So, if you haven’t been living under a rock in the past year, there are plans for a 9-story, 102-room hotel just off the commons, to be designed by Scott Whitham of Thomas Group Architects in conjunction with Ithaca Properties LLC / Rimland Associates. Well, it looks like they have a hotel operator in Gemstone Hotels & Resorts, a boutique hotel operator based out of Utah [1]:
Hotel Ithaca
Hotel Ithaca, currently in final planning and approval, is expected to open in 2011. The property will be a nine-story, full-service boutique hotel at the intersection of State and Aurora Streets. The hotel will feature 125 luxury rooms and suites and 2,000 square feet of flexible meeting space. The hotel will be built on the same site as the original Hotel Ithaca. In addition, the hotel will be the home of the original Zinck’s Bar, a cherished icon of the city’s past.

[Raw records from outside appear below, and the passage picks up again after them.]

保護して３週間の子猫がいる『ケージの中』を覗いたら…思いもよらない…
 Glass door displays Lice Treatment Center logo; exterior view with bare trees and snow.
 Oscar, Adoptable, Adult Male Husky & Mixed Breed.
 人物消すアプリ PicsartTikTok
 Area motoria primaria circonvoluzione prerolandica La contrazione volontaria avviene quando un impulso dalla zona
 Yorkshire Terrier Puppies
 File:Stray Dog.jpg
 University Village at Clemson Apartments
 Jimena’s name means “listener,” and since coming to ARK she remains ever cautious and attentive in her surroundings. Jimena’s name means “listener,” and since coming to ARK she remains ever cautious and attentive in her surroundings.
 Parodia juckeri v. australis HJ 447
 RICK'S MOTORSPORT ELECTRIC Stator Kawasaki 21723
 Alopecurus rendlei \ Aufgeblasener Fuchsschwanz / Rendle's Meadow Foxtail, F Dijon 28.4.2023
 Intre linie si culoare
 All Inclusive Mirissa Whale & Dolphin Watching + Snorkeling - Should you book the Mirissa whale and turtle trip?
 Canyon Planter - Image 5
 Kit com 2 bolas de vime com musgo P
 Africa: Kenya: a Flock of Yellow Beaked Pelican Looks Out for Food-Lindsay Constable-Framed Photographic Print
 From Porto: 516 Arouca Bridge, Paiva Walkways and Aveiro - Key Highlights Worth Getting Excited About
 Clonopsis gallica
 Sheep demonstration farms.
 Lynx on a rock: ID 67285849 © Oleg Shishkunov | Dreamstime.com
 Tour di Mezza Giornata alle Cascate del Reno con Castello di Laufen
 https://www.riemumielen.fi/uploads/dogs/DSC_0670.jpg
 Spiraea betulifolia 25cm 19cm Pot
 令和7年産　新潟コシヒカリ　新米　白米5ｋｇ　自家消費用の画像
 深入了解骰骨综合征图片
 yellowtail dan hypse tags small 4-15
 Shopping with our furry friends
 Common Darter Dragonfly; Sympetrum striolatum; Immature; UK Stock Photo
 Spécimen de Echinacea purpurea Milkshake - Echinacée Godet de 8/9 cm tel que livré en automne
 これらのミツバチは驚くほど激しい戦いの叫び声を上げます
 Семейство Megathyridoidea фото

“We welcome the opportunity to be involved with the first luxury boutique hotel in the Ithaca area,” said Thomas Prins. “Because the city is also home to the world renowned Cornell Hotel School, we are very excited to set a new standard in concept and operations and set an example for students and the many hotelier alumni who visit the school.”
I have no clue where they had the idea it was a 125-room hotel. Everything I’ve read has stated 102 rooms.
That being said, since the last Zinck’s closed over forty years ago, the only things most of us modern Cornellians know about it is from “Give My Regards to Davy” [/We’ll all have drinks at Theodore Zinck’s/]. Cornell’s alumni associations make use of the Zinck’s nostalgia in its alumni events:
“Theodore Zinck was a saloonkeeper in Ithaca, and his pub, the Hotel Brunswick, was a popular gathering place for Cornellians in the 1890s. After his death in 1903, several bars using his name continued to provide a haven for students. When the last Zinck’s closed in the mid-1960s, celebrating the spirit of Zinck’s became a favorite Thursday night Collegetown tradition for undergraduates. It wasn’t long afterward that Cornellians began to continue the tradition in their hometowns. This year, alumni will celebrate this uniquely Cornell event in more than 90 cities around the world. So wherever you are, remember your days at Cornell on October 16. [2]”
Currently, the University uses “the Spirit of Zinck’s night” as a way to promote alumni involvement (e.g. solicit donations). With the historical name being reused at a drinking establishment once again, it looks like they might be able to celebrate at Zinck’s a couple of years from now.